(Crawled caption data)
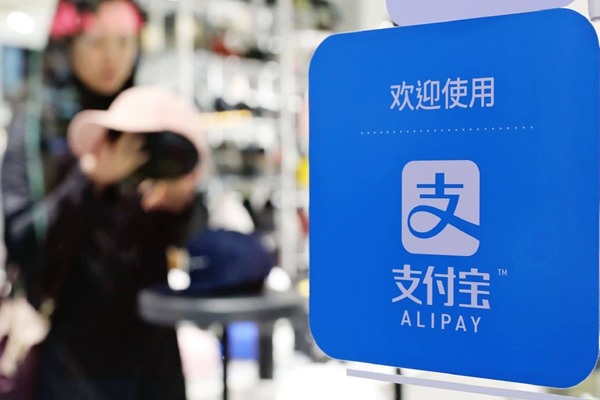 守望先锋账号怎么购买?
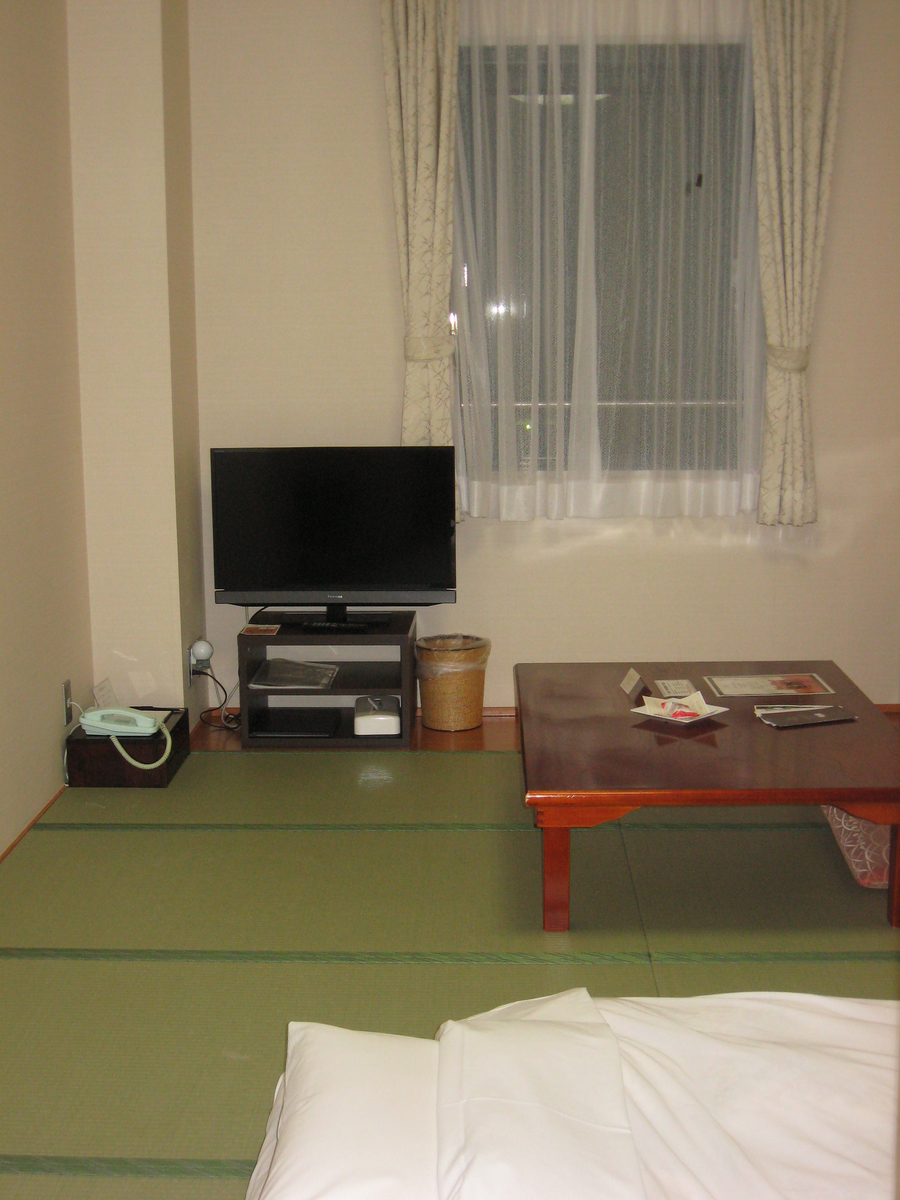 f:id:onsen_tabi1:20190726210959j:plain f:id:onsen_tabi1:20190726210959j:plain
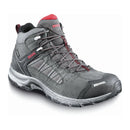 Meindl Men's Journey Mid GTX Trekking Boot
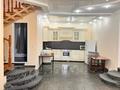 Отдельный дом · 7 комнат · 547 м² · 6 сот., улица Академика Асана Тайманова 82 — Никита Савичева и Габдолла Тукая за 75 млн ₸ в Уральске — фото 41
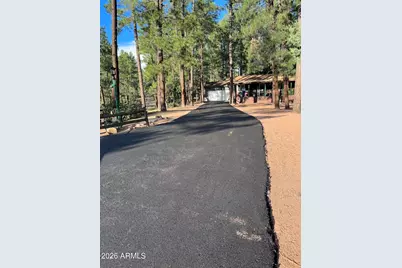 9025 W Dans Highway, Strawberry, AZ 85544 - Photo 53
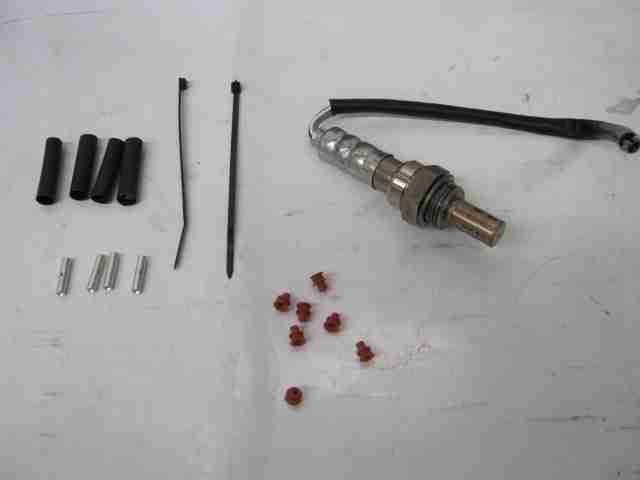 Product 214009002
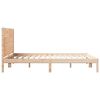 Miniatuurafbeelding van het product 5 van 9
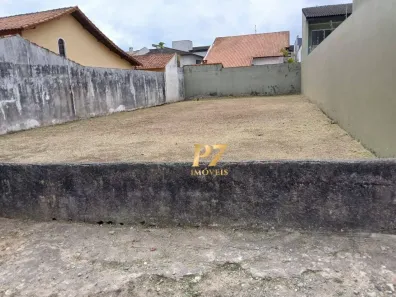 Lote/Terreno à venda, 360m² no Independência, São Bernardo do Campo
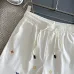 Louis Vuitton Pants for Louis Vuitton Short Pants for men #B62368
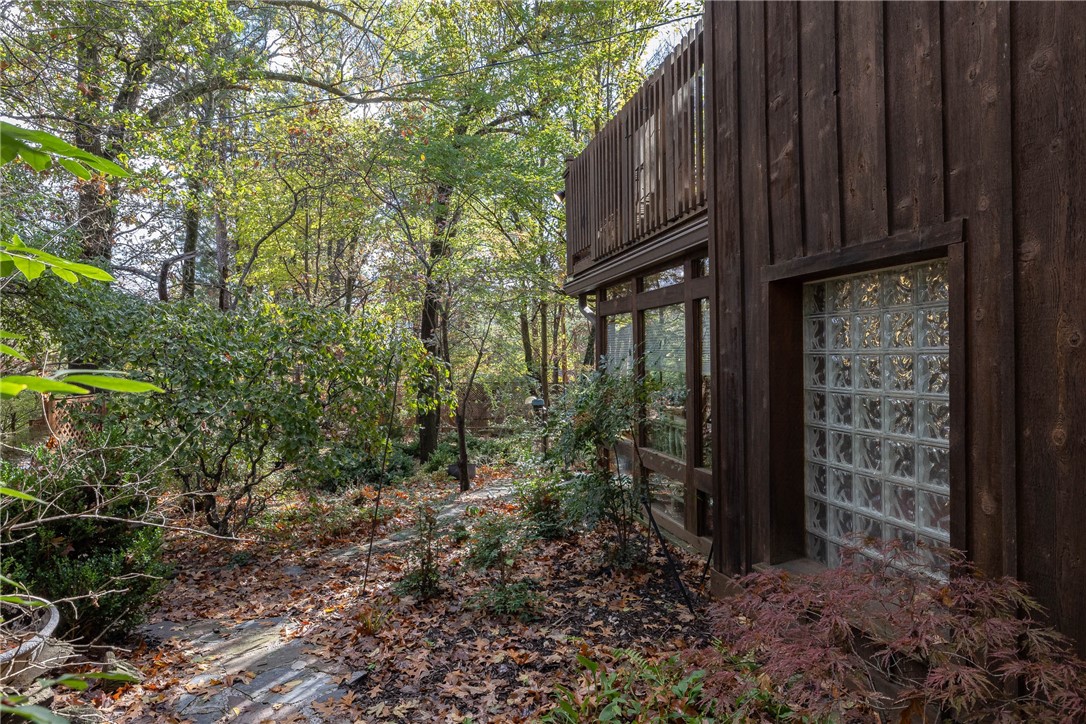 Hotz Sub Rev - Residential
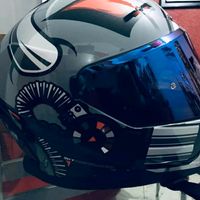 abelrodriguez497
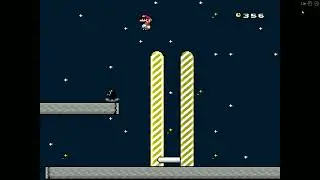super cindy world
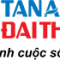 Khuyến mãi tháng 5/2018 của Tập Đoàn Tân Á Đại Thành khuyen-mai-thang-5-2018-cua-tap-doan-tan-a-dai-thanh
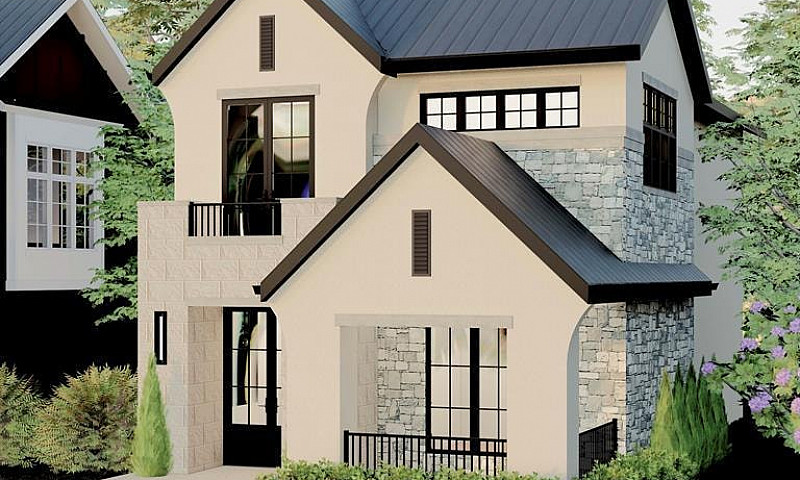 5245 Brookmere Cresc...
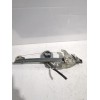 Recambio de elevalunas delantero derecho para peugeot 107 (pm_, pn_) 1.4 hdi referencia OEM IAM 9222T6  
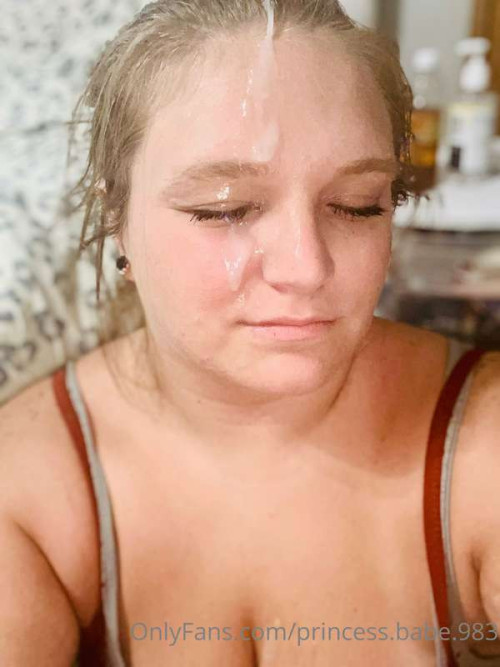 753c92efe261655fba7e2d6dd4c28f2b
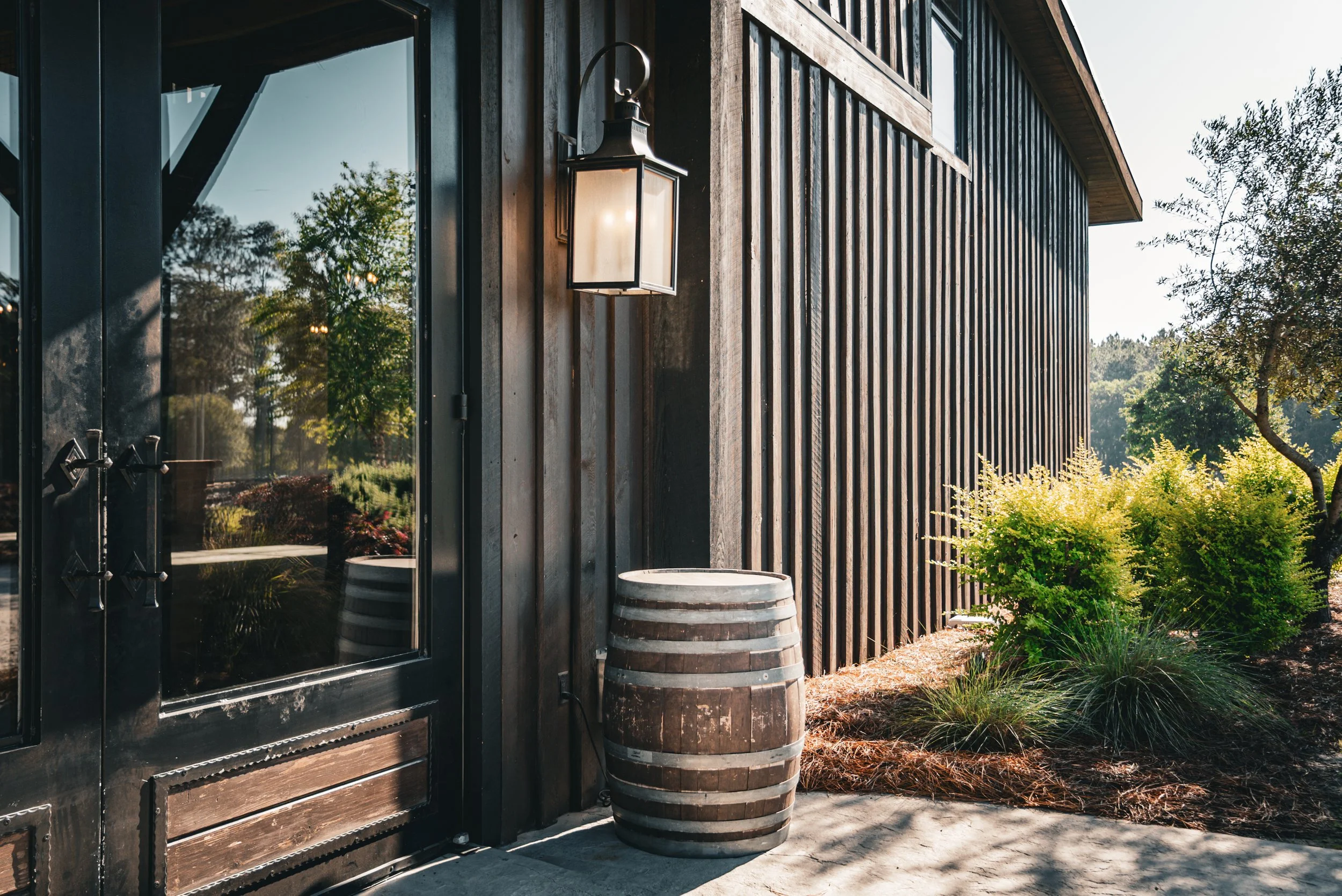 The Barn 5.19.26-4.jpg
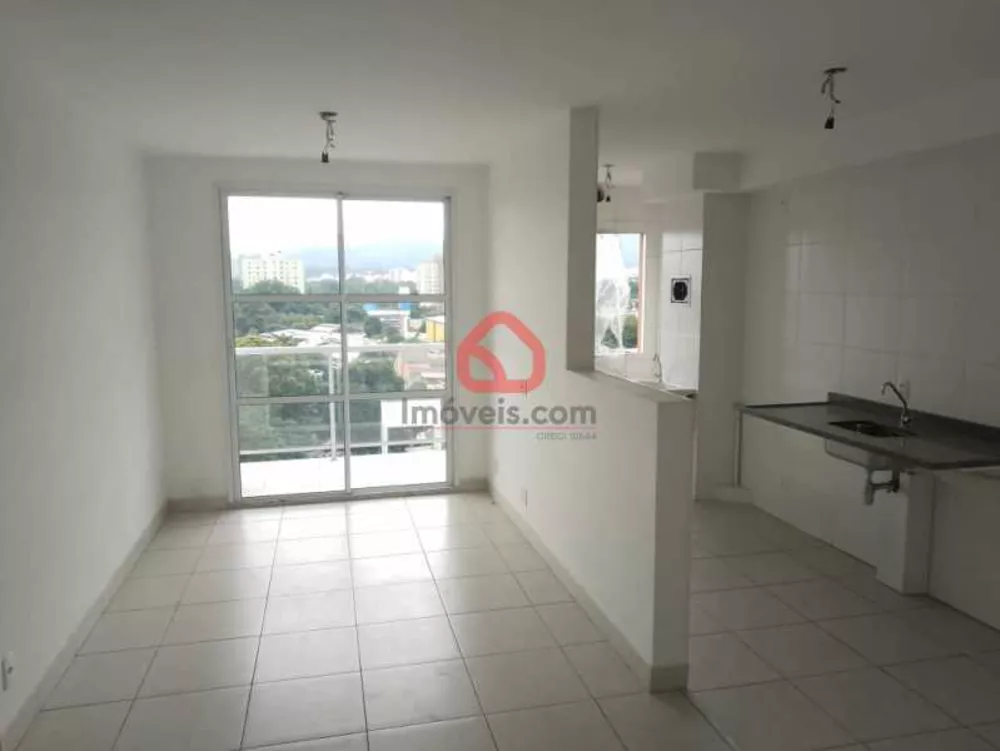 Apartamento, 3 quartos, 70 m² - Foto 15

* [TO DO]
Please set down only the lines from the first line of the records above through the line that has "Отдельный дом ·", exactly, and not the pictures.

* [EXPECTED ANSWER]
 守望先锋账号怎么购买?
 f:id:onsen_tabi1:20190726210959j:plain f:id:onsen_tabi1:20190726210959j:plain
 Meindl Men's Journey Mid GTX Trekking Boot
 Отдельный дом · 7 комнат · 547 м² · 6 сот., улица Академика Асана Тайманова 82 — Никита Савичева и Габдолла Тукая за 75 млн ₸ в Уральске — фото 41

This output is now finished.